Expression and purification of recombinant Hsp70
For construction of recombinant expression plasmid, gel purified Hsp70 amplicon and pProExHTb prokaryotic expression vector were digested with NcoI and XhoI, re-purified and ligated in 20 μl reaction followed by transformation in DH5α competent cells. Plating was carried out on LB agar plates containing ampicillin. Clones were confirmed by PCR and restriction digestion. One positive clone was induced by adding IPTG (0.6 mM). After induction, 1.5 ml samples were collected at hourly interval up to 6 h to study expression kinetics. Un-induced sample was collected before adding IPTG and used as negative control. All the samples were subjected to sodium dodecyl sulfate-polyacrylamide gel electrophoresis (SDS-PAGE) along with the Prestained protein ladder (Fermentas, USA).

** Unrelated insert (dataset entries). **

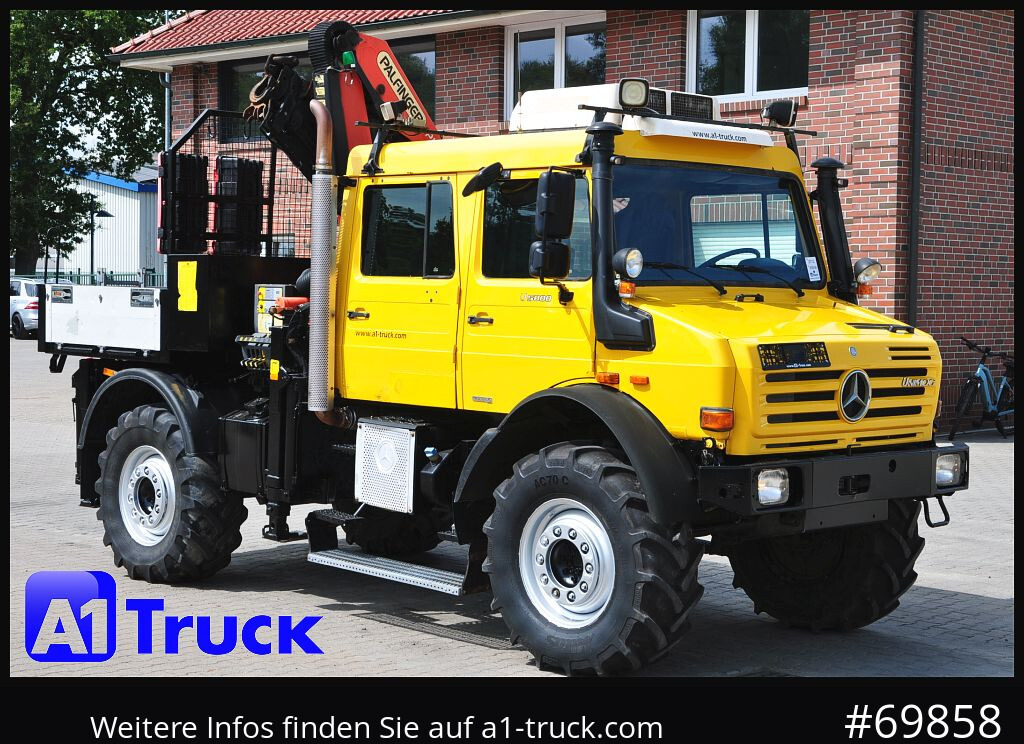 MERCEDES-BENZ Unimog U 5000 437/45 Kran Doka 6 Sitze - Camión grúa: foto 1 MERCEDES-BENZ Unimog U 5000 437/45 Kran Doka 6 Sitze - Camión grúa: foto 1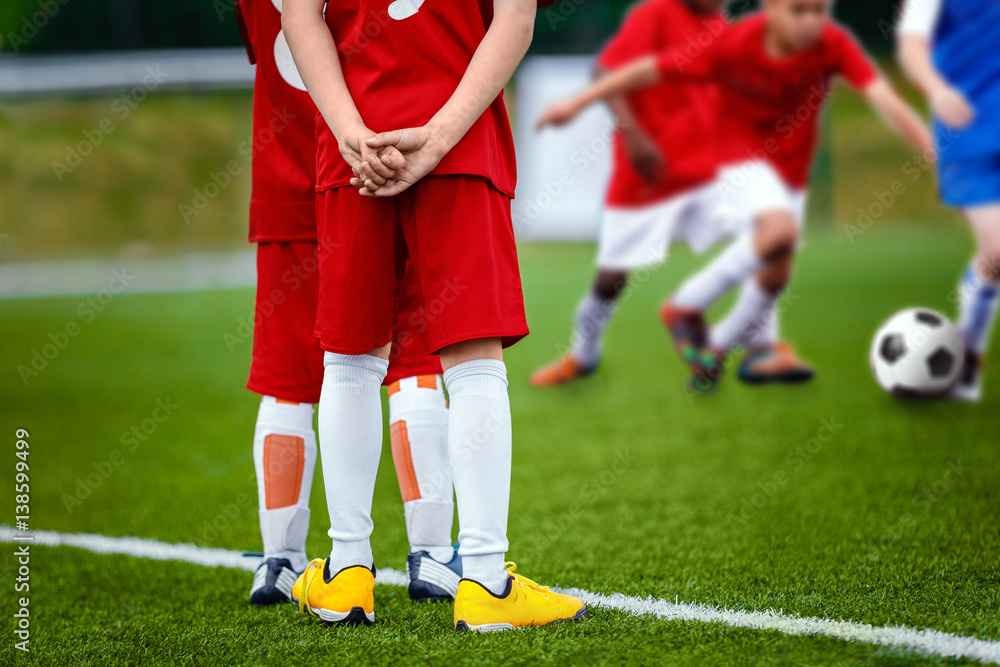 Obraz premium Youth Football Soccer Background. Football Soccer Match for Children. Kids Playing Soccer Game Tournament. Boys Running and Kicking Football. Youth Soccer Footballers Competition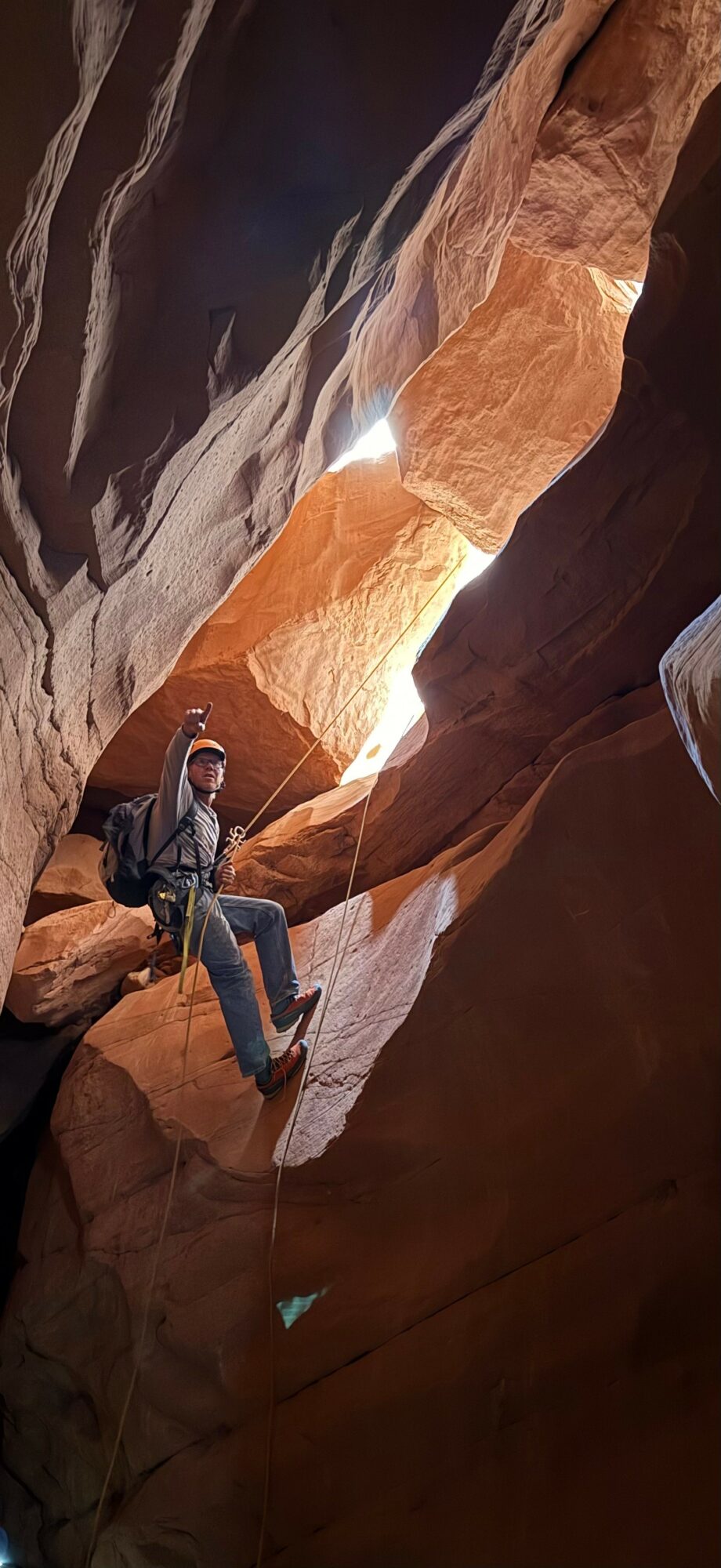 Person sitting on a rock inside a narrow canyon with sunlight shining through opening above.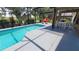 Enclosed pool area with patio furniture and golf course view at 1652 Dunes Ct, Haines City, FL 33844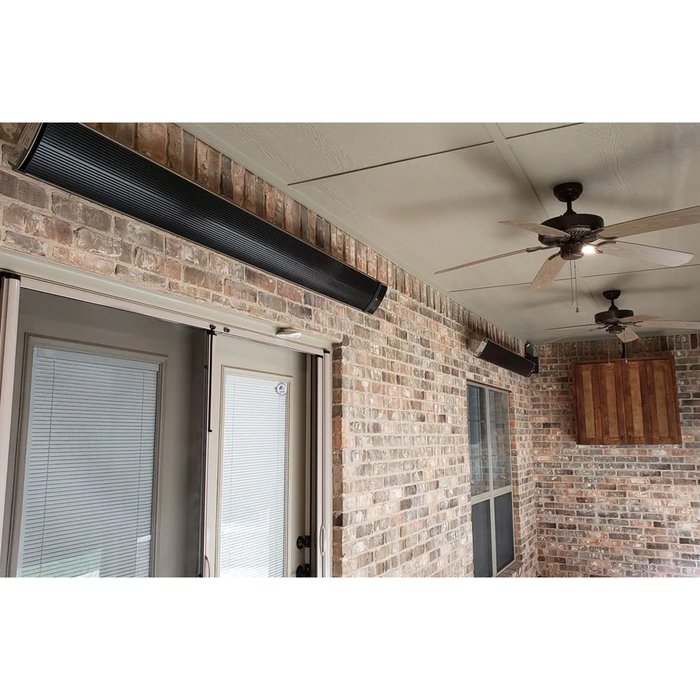 Brick-walled covered patio with mounted RADtec zero light infrared heaters and ceiling fans for year-round use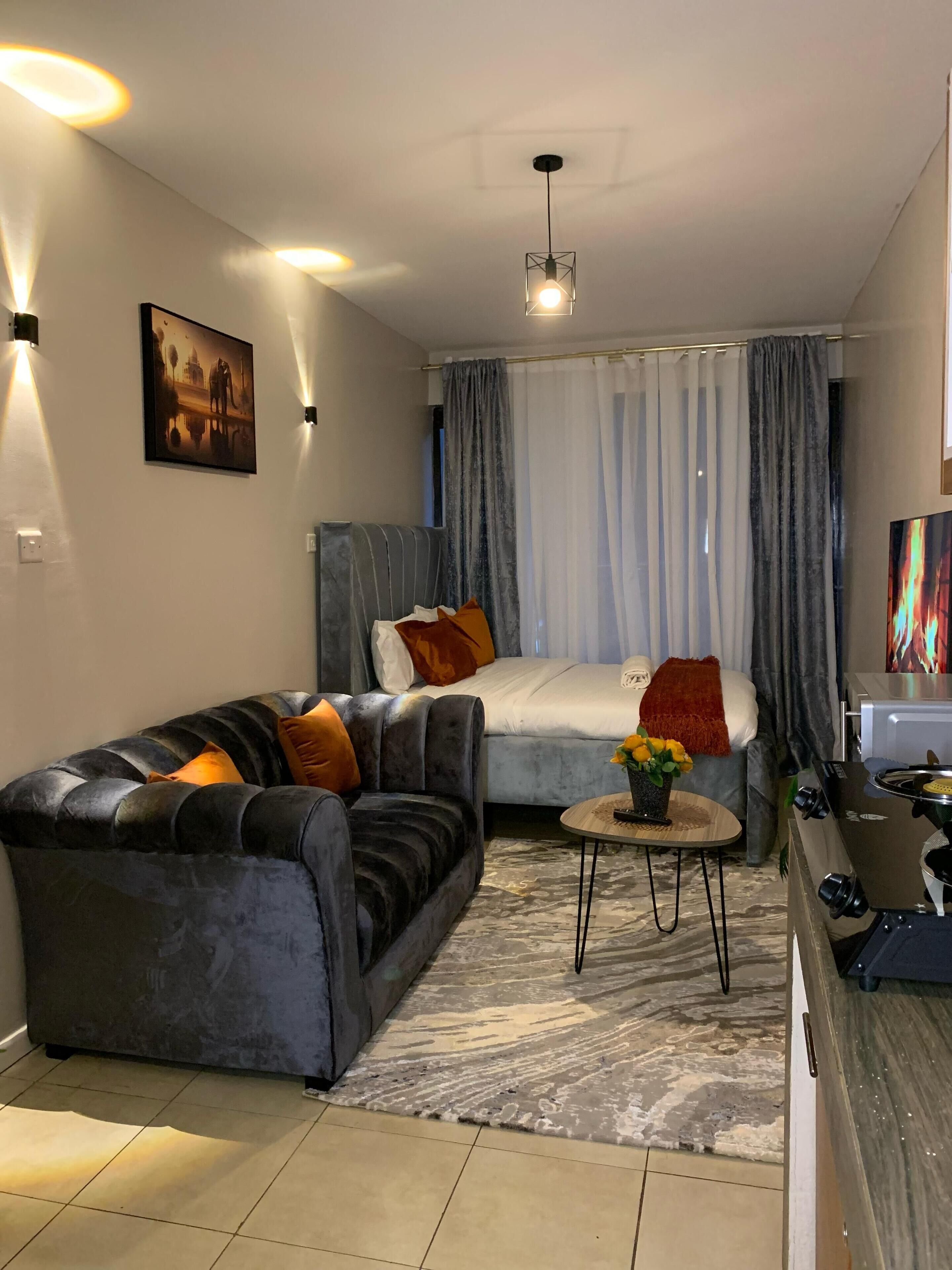 A modern living room with a grey sofa, a bed with grey curtains, a small table with a vase of flowers, and a kitchen area with a stove.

Recombinant Hsp70 (rHsp70) was purified under denaturing conditions by Ni-NTA affinity chromatography following standard protocol. Briefly, the induced bacterial pellet (50 ml) was re-suspended in 10 ml of buffer B (pH 8.0). Cells were lysed by sonication at an amplitude of 10.0 (10 cycles of 30 s pulse on/off) using the microtip (Misonix, USA). Sonicated cell lysate was centrifuged at 13,000 rpm for 40 min to remove cell debris. The supernatant was collected and mixed with 5.0 ml of Ni-NTA agarose (Qiagen, USA) and left on gyroshaker for 2 h. The mixture was passed through a column containing porous silica bed and washed with ample quantity of buffer C (pH 6.3). Finally, the protein was eluted in small fractions using the buffer E (pH 4.5). Collected protein fractions were confirmed by SDS-PAGE. Small sized contaminant proteins (if any) and salts (urea) were removed from purified protein by dialysis against 1 × phosphate buffer saline (PBS) using a dialysis tubing of 12 kDa cut-off value (HiMedia, Mumbai).
Western blotting was performed for confirmation of rHsp70 fusion protein by using the Ni-HRP conjugate following standard protocol (Qiagen, USA). For this, following separation on SDS-PAGE, protein was electro-blotted on PVDF membrane using dry blotting apparatus (I-Blot, Invitrogen, USA). Blocking was carried out for 1 h with 3% BSA (SRL, India) followed by washing three times with TBS-tween 20 (TBS-T). Ni-HRP conjugate was diluted in TBS-T buffer (1:1000) and blot was soaked in it for 1 h. After washing for three times with TBS-T buffer, membrane was soaked in staining solution (18 mg of 4-chloro-1-napthol in 6 ml of methanol mixed to 24 ml of 1 × Tris-saline and finally 60 μl of 30% H 2 O 2 added). Development of colour was observed and reaction was stopped by rinsing the membrane in distilled water.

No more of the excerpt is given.